08 February 2020

Spoiler-Light TV Review | Star Trek: Picard created by Kirsten Beyer, Michael Chabon, Akiva Goldsman & Alex Kurtzman

“The dreams are lovely. It’s the waking up I’m beginning to resent.”

A single line from Star Trek: Picard’s first episode succinctly summarises its spirit. If Star Trek: The Next Generation (“TNG”) was a lovely dream, “too convivial, too sterile, and too light-hearted” to tempt its leading man to ever reprise his iconic role, then Star Trek: Picard is an indignant reminder to us all that humanity is still light years away from Gene Roddenberry’s utopia. Even once we’ve achieved Roddenberry’s idyllic future, it seems, the struggle to maintain it in the face of catastrophe and grief is sometimes too much for even the best of us.


Created for the American video-on-demand service CBS All Access (don’t be fooled by Amazon claiming it as an “Original” here in the UK and in other territories - they just have the rights to stream it internationally), Star Trek’s seventh live-action series is unique in that it is built around a single character, as opposed to an entire crew.
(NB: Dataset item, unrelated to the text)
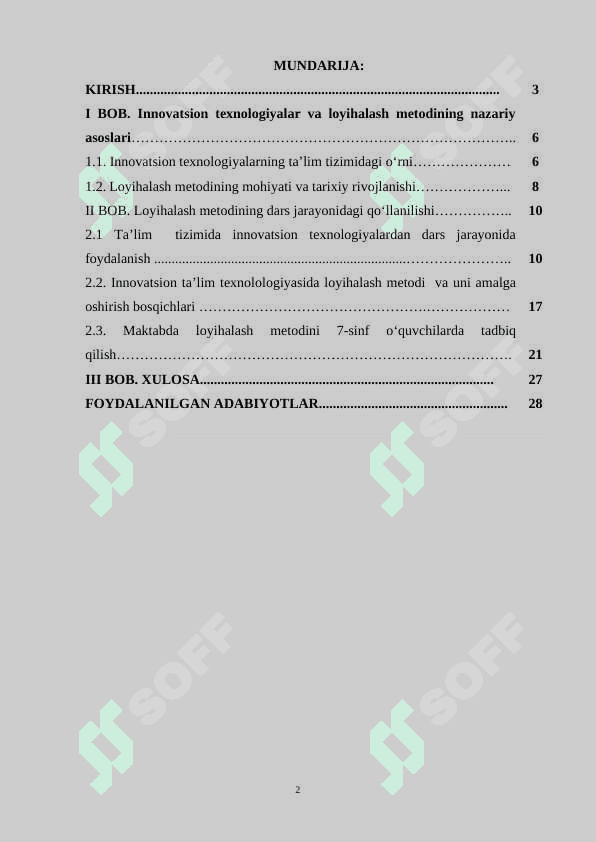 “Innovatsion texnologiyaning loyihalash metodlaridan dars jarayonida foydalanish” 2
As much a vehicle for Sir Patrick Stewart as it is the once redoubtable Captain Jean-Luc Picard, this clumsily-named show revisits the revered character on the eve of the twenty-fifth century, almost twenty years on from the tragic events of 2002’s Star Trek: Nemesis and more than a decade after the disastrous supernova that destroyed the Romulan Empire in JJ Abrams’ lauded 2009 Trek movie. These two events, or at least their repercussions, have effectively broken the former Enterprise captain, leaving him “waiting to die” on his family’s vineyard in La Barre alongside a pair of asylum-seeking Romulan intelligence operatives who now appear to be as close to him as the crew of Starfleet’s famous flagship once were.
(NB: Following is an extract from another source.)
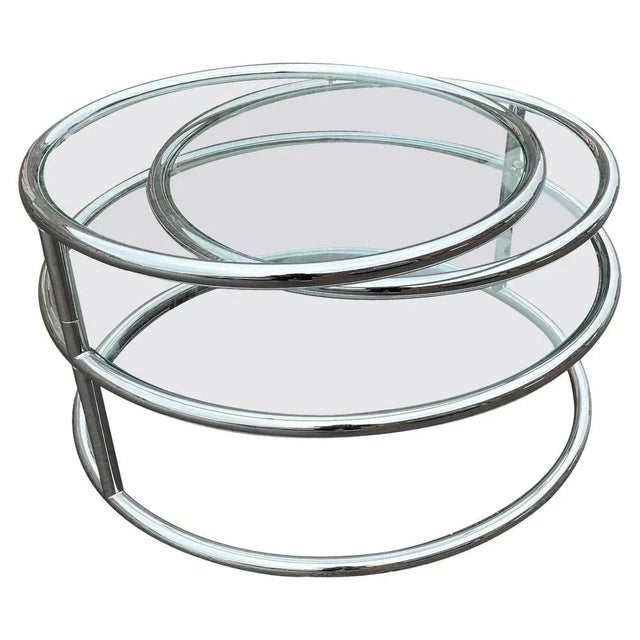Vintage Italian Swivel Coffee Table in Chrome, 1973 For Sale - Image 7 of 7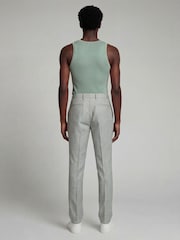 Harry Brown Green Slim Fit Linen Blend Suit Trousers - Image 2 of 8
Patrick Stewart’s portrayal of an elderly, embittered Picard is profoundly upsetting on a number of levels – just as it should be. When I think back to my childhood and adolescence, popular culture was bursting at the seams with young anti-heroes; just and noble leaders in the Optimus Prime / Jean-Luc Picard mould were few and far between, making them all the more precious. Yet Stewart reportedly had little interest in reviving the inspirational Picard that we’ve all loved and respected for decades, instead preferring to use the Trek platform to shine a “reforming light” on “these often very dark times.” This, it has to be said, Stewart does magnificently. 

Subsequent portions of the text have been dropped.